- _Data excerpt_
--- START ---

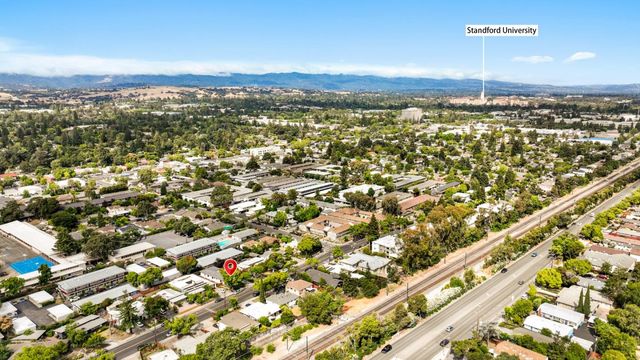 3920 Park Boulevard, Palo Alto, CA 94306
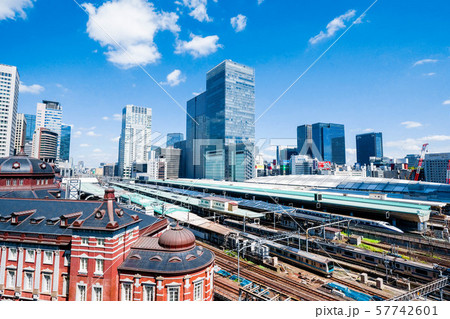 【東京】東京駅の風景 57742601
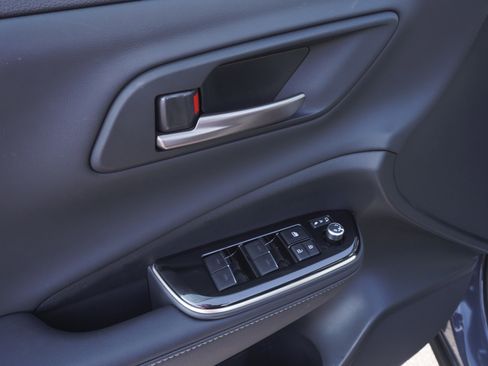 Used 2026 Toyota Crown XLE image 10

--- END ---

- _The task_
The reply has to reproduce every line above verbatim and contain no pictures.

- _Task result_
 3920 Park Boulevard, Palo Alto, CA 94306
 【東京】東京駅の風景 57742601
 Used 2026 Toyota Crown XLE image 10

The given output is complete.